There was a high correlation between T cell activation and production of IFN-γ and IL-2 cytokines.
All vaccinated individuals produced spike-specific anti-SARS-CoV-2 antibodies six weeks after the first vaccine dose. The levels of antibodies were higher than those of hospitalized COVID-19 patients. In the vaccinated individuals, antibody levels decreased gradually.

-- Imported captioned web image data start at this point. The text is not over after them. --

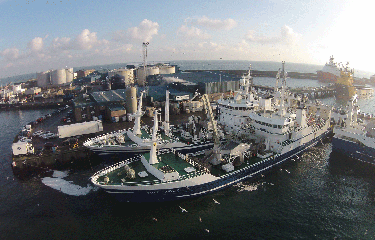 A pair of Denholm Seafoods' fishing vessels docked near the company's processing facilities.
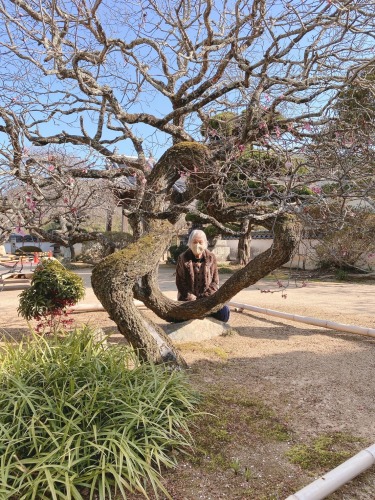 聖地になりそう | 井原市 さとちゃんさん
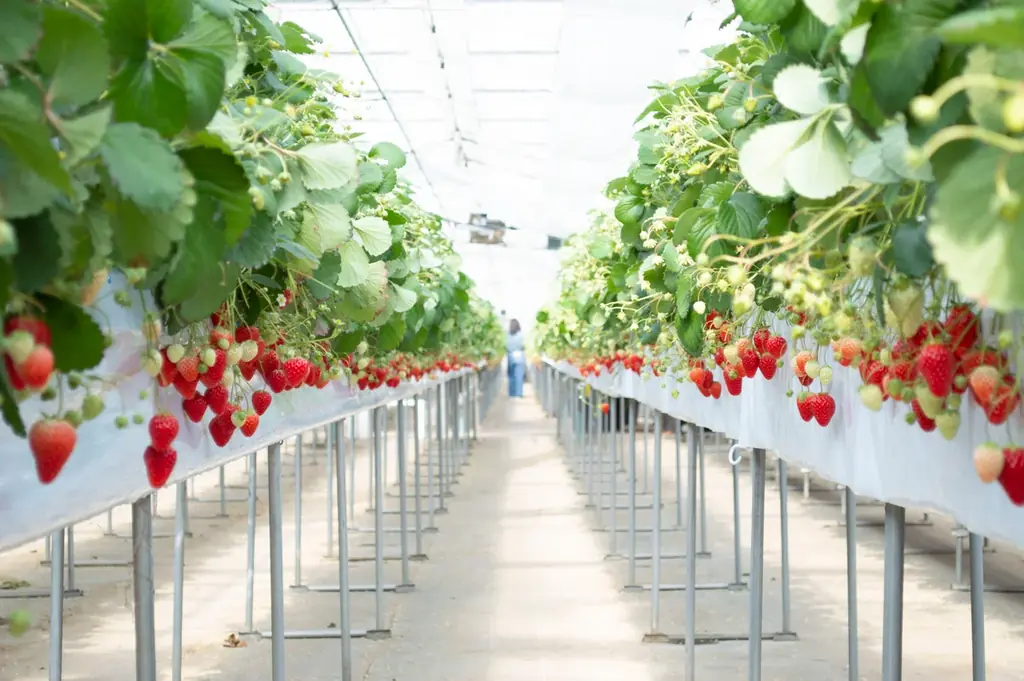 最大22品種のいちごを味わえるいちご狩りのシーズン到来！アクアイグニスまるごと完熟いちごフェア 画像 2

The levels of anti-SARS-CoV-2 antibodies in vaccinated individuals did not correlate with CD4+ or CD8+ T-cell responses. However, in COVID-19 patients, the spike-specific anti-SARS-CoV-2 antibodies increased with increasing CD4+ and CD8+ T-cell responses.
Limitations of the study
This study cryopreserved the PBMCs until analysis. This may decrease cell viability, and some memory cells may be lost in the process. The number of participants assessed in this study was relatively low. Only BNT162b2 vaccinated individuals were studied. This study did not include vaccinated individuals over 60 years of age. The AIM protocol did not test for longer incubation times. Longer 15-mer peptide pools were used for stimulation instead of 9-to 10-mer peptides. This may underestimate the SARS-CoV-2-specific CD8+ cells.
Conclusion
This study shows that even if SARS-CoV-2 spike protein-specific antibodies decline with time after COVID-19 vaccination or natural infection, the cell-mediated immunity is retained to a great extent and is not sensitive to mutations in the viral spike protein.